Mittwoch, 2. Dezember 2009

Die Welt retten

Ich spende regelmäßig für Unicef (das Kinderhilfswerk der Vereinten Nationen) und viele andere Hilfsorganisationen. Dadurch bekomme ich oft Informationsbroschüren. Gestern lag ein Nachrichtenblatt von Unicef in meinem Briefkasten. Es berichtete von dem Leid auf der Welt und auch von den vielen Menschen, die sich helfend engagieren.

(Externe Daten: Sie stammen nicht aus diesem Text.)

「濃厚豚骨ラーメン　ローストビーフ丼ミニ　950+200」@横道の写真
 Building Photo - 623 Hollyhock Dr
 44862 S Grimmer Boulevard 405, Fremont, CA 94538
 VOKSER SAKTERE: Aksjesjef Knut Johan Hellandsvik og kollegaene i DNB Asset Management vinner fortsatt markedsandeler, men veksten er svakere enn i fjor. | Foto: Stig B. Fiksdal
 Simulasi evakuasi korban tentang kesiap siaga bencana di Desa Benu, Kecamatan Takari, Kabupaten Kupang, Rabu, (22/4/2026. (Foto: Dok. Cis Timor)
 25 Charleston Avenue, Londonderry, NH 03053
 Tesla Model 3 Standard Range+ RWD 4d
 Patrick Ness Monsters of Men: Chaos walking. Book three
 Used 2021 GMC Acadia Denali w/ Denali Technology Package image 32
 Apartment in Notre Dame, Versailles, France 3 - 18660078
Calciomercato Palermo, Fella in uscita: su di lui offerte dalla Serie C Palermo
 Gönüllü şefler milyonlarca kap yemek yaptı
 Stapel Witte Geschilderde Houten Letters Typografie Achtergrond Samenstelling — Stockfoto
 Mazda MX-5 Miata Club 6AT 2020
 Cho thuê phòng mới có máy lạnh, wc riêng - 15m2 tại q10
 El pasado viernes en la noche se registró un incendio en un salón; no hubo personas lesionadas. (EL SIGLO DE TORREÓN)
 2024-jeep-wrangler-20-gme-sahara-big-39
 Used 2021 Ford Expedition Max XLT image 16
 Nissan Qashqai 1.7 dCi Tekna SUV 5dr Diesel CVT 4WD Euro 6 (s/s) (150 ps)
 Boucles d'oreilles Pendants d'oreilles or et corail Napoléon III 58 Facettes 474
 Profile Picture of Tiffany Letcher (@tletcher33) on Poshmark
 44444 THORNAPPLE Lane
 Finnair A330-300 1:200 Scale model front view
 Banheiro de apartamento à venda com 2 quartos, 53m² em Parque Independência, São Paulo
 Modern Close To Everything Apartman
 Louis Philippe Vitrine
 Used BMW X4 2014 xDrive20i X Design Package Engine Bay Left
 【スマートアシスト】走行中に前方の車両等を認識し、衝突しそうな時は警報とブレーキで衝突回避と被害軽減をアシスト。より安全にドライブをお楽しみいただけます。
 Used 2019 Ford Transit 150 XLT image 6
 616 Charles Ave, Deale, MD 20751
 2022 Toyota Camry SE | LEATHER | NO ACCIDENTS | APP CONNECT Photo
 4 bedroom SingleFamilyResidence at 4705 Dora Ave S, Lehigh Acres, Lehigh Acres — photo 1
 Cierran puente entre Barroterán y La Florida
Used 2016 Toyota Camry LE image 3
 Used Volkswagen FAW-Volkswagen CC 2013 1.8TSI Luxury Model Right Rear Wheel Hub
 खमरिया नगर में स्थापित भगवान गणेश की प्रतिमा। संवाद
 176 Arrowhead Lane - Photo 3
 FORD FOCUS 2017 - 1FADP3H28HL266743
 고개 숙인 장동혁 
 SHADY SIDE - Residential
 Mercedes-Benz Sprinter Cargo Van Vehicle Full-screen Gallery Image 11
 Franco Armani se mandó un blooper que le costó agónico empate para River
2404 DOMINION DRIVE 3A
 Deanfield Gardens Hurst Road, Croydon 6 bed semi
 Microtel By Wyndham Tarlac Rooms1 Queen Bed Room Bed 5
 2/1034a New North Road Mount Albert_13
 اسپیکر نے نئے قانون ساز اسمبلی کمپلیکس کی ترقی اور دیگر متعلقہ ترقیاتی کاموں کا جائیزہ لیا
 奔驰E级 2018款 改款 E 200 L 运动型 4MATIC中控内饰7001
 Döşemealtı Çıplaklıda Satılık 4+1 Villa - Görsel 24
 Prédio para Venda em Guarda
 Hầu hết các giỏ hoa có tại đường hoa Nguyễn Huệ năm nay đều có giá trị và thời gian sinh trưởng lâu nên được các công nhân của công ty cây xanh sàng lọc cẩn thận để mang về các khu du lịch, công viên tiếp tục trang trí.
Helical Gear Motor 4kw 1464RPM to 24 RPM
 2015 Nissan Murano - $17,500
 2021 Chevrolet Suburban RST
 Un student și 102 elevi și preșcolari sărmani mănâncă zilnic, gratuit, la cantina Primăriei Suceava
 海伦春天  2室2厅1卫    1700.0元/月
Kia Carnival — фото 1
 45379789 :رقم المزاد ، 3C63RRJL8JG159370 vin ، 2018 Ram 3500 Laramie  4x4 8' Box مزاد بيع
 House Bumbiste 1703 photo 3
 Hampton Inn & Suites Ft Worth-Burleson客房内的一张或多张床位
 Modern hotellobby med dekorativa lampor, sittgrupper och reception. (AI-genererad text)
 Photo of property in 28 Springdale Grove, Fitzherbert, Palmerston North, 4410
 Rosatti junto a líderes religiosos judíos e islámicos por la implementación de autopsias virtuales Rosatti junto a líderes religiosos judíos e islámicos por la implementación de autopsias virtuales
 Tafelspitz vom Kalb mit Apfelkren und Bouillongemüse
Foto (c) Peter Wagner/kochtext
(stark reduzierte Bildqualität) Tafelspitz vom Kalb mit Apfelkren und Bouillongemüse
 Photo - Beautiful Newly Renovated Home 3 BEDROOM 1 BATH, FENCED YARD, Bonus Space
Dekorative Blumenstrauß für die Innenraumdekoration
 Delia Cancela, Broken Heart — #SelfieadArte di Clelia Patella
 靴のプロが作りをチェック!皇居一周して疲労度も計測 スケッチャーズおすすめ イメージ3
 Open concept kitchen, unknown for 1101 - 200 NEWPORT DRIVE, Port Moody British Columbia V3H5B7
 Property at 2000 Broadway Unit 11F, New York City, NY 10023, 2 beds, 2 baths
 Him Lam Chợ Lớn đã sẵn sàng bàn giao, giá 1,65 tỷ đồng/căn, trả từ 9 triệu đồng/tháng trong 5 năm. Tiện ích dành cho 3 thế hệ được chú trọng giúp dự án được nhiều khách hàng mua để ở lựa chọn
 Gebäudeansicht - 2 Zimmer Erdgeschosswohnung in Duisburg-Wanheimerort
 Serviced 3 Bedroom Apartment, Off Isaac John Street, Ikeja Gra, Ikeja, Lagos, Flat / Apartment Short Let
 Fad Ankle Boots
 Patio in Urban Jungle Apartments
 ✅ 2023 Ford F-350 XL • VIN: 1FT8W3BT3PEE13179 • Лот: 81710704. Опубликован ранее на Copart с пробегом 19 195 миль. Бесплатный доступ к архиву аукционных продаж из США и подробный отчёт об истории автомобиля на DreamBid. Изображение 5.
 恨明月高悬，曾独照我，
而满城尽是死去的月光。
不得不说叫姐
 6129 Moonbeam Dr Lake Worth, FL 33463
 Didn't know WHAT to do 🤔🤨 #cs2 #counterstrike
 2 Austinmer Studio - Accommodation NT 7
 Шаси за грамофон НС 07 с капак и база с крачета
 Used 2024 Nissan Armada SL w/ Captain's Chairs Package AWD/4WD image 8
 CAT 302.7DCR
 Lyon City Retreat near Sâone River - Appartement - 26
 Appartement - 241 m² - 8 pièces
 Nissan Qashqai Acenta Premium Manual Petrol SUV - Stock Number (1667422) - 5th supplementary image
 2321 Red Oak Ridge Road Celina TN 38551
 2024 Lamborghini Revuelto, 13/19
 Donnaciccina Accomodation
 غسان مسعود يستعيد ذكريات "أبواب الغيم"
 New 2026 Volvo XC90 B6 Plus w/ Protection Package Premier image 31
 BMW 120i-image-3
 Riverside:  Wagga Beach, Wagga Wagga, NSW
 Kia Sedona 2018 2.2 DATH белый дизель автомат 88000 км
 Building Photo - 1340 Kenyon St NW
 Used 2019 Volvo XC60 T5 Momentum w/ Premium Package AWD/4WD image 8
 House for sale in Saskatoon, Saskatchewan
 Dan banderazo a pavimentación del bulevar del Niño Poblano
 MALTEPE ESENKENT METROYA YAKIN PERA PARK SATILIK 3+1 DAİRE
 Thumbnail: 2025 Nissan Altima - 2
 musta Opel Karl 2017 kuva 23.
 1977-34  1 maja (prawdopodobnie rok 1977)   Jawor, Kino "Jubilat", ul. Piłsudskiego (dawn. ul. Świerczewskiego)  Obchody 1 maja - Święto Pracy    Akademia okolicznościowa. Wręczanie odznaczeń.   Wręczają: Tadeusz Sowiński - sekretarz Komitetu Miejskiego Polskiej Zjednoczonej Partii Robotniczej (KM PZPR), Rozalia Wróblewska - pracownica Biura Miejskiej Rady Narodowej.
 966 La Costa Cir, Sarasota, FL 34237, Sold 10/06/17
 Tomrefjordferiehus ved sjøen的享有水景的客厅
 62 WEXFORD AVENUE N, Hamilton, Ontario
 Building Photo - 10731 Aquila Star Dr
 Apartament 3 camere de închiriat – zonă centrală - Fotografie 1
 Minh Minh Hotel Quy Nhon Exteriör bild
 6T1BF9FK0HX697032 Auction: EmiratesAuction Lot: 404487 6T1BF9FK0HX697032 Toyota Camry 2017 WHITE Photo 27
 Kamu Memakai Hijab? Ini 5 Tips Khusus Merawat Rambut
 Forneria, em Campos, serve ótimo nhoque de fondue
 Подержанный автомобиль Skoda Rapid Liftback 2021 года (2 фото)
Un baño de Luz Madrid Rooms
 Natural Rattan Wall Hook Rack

Besonders beeindruckt hat mich der Bericht von einem afrikanischen Mädchen. Der kleinen Mariatu wurden im Alter von zwölf Jahren von Soldaten aus einem grausamen Spiel heraus beide Hände abgehackt. Sie erbettelte daraufhin der Hauptstadt von Sierra Leone ihren Lebensunterhalt. Trotz ihres grausamen Schicksals gab sie nicht auf, spielte in einer jugendlichen Theatergruppe mit, Unicef wurde auf sie aufmerksam und heute lebt sie in Kanada in einer Pflegefamilie. Sie hat ein Buch über ihr Leben geschrieben (Mariatu Kamara, Das Mädchen ohne Hände) und wurde zur Unicef-Sonderbotschafterin ernannt. Als ehemaliges Opfer von Krieg arbeitet sie jetzt wirksam gegen den Krieg und für den Schutz der Kinder.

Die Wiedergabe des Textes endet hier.